Migrants throng to see Suu Kyi
Urges compatriots to show love for Thailand
Myanmar State Counsellor Aung San Suu Kyi yesterday urged Myanmar migrant workers in Thailand to show their love and honesty toward their host country as the Nobel Peace Prize laureate received an overwhelming welcome from her compatriots who turned up in droves to catch a glimpse of their national hero.
She also called on Myanmar workers in Thailand to comply with Thai laws. She is scheduled to meet Prime Minister Prayut Chan-o-cha today at Government House. Ms Suu Kyi, along with her delegation, arrived at Suvarnabhumi airport on a three-day state visit at 11.45am yesterday. Deputy Prime Minister Somkid Jatusripitak received her on behalf of the Thai government.
Many Myanmar migrant workers in Thailand were waiting in eager anticipation for her arrival as they hope their democratic icon and national heroine will bring reforms to Myanmar and help improve their lives back home.
- Photo gallery: Suu Kyi gets a heroine's welcome
From the morning onward, thousands of Myanmar workers in Thailand, particularly in coastal Samut Sakhon and nearby provinces flocked to the Talay Thai seafood market in Samut Sakhon to welcome Ms Suu Kyi who was scheduled to meet them in the afternoon.
However, an incident occurred when about 200 Myanmar migrants were forced by officials to leave the market compound, as they said the hall in the market where Ms Suu Kyi would meet their representatives was limited to only 500 selected Myanmar workers who had been assigned seats.
Many others were unhappy they were not given a chance to see her as they were kept behind barricades outside the venue. They then tried to block a motorcade carrying the selected Myanmar workers from entering the compound. Police and local authorities had to rush in to restore order and were able to successfully calm the crowd.
About 4.15pm, Ms Suu Kyi arrived at the market. When her motorcade passed the gate, Ms Suu Kyi opened the car window and waved to the workers to follow, prompting many of them to burst through the barricades, spilling over the entrance gate of the compound in front of the hall.
However, only about 300 Myanmar workers were actually present at the hall, so officials had to remove the other 200 seats to make the hall appear full.
At Talay Thai seafood market, the weather cleared for Mrs Suu Kyi, and the crowds were even more enthusiastic. (Photo by Patipat Janthong)
Addressing the gathering, Ms Suu Kyi, who is also Myanmar's foreign minister, said that her Myanmar compatriots were the first group of people she wanted to meet during the visit. She said working in Thailand had given some security to Myanmar workers but also led to difficulties and her government would coordinate with Thailand to help them.
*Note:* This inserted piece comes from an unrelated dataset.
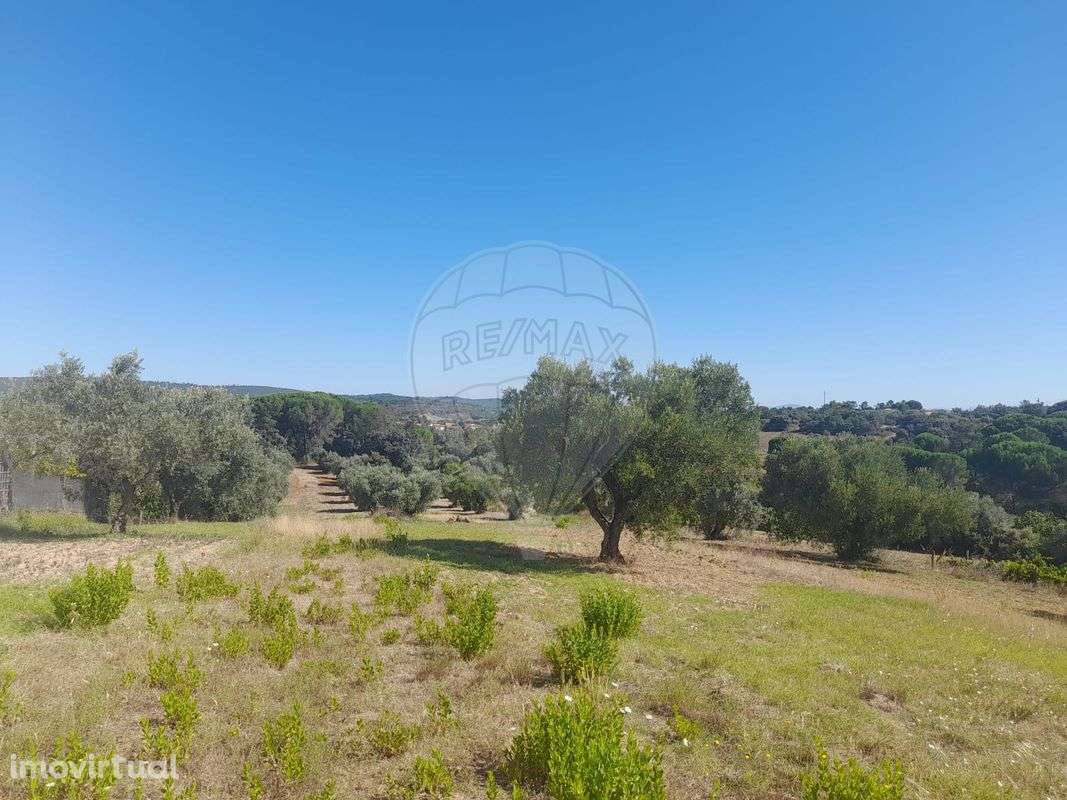 Terreno  para venda - Grande imagem: 4/8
"Myanmar workers in Thailand are guests of their host country; therefore, you should love, be honest and behave well toward the hosts," Ms Suu Kyi said in Burmese.
When they encounter problems, they should talk them through with the Thai people, Ms Suu Kyi said, stressing the need for Myanmar migrants to follow the laws of Thailand.
"Small problems may sometimes occur, but [Myanmar migrants and Thais] should love each other and be united so we can live together for a long time and continue to improve cooperation between the two countries," Ms Suu Kyi said.
The Myanmar government will also expedite efforts to verify the nationality of all Myanmar workers and will see to it that illegal workers become legal, she said.
There are about 1.4 million legal Myanmar workers in Thailand and the number of Myanmar migrants in the country might reach 2 million if illegal workers are included, according to local officials.
Following the speech, Ms Suu Kyi came down from the stage and talked to Myanmar workers in the hall.
Some workers also complained that brokers charged them expensive fees to apply for passports and work permits.
Ms Suu Kyi said she will alert the relevant authorities to solve the problem. She also warned them not to use the services of brokers to obtain any documents.
After the meeting, she left in her motorcade and waved to the Myanmar workers waiting outside amid heavy rainfall.
Workers who could not enter the hall were dismayed that they were sidelined.
A 45-year-old Myanmar female worker said: "I have been waiting to see Ms Suu Kyi since 6am, but officials told me to get out of the hall. They said the hall was already full."
Some said that workers who were allowed inside the hall were mostly legal workers from large factories while those waiting outside were workers who still have problems.
Minnaing, a 38-year-old Myanmar worker in Samut Sakhon said: "It is unfair. All Myanmar migrants are equally proud of our mother [Ms Suu Kyi]."
Kha Kha Hlaing, a coordinator from the Myanmar embassy, said she was not permitted to enter the hall, either.